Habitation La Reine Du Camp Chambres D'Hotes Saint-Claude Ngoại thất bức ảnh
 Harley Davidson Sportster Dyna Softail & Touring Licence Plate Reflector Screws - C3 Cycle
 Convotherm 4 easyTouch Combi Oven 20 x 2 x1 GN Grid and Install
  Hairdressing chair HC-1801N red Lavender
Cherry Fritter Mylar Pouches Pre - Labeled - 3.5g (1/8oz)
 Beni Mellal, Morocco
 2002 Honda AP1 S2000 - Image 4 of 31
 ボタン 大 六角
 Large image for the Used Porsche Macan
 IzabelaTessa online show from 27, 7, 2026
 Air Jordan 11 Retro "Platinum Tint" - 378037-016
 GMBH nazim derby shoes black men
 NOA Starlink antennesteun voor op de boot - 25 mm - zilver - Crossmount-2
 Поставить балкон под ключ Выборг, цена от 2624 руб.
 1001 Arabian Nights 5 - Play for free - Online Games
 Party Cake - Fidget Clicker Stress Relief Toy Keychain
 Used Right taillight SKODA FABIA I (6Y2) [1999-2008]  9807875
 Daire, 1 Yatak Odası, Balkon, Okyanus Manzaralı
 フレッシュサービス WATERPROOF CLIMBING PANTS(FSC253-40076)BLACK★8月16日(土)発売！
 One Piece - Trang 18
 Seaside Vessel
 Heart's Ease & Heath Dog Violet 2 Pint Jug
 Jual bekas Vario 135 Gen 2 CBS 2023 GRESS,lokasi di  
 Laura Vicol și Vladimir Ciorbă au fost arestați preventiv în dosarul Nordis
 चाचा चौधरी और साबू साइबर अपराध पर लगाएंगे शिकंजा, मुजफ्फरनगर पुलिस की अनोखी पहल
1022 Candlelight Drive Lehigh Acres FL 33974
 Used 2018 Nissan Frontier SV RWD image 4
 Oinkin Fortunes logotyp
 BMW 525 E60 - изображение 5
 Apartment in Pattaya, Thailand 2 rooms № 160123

= = = = = = =

• ASSIGNED TASK:
An exact copy is required of each line from the one containing "1022 Candlelight Drive Lehigh Acres FL 33974" through the last line of the material, and of no other line.

• TASK RESULT:
1022 Candlelight Drive Lehigh Acres FL 33974
 Used 2018 Nissan Frontier SV RWD image 4
 Oinkin Fortunes logotyp
 BMW 525 E60 - изображение 5
 Apartment in Pattaya, Thailand 2 rooms № 160123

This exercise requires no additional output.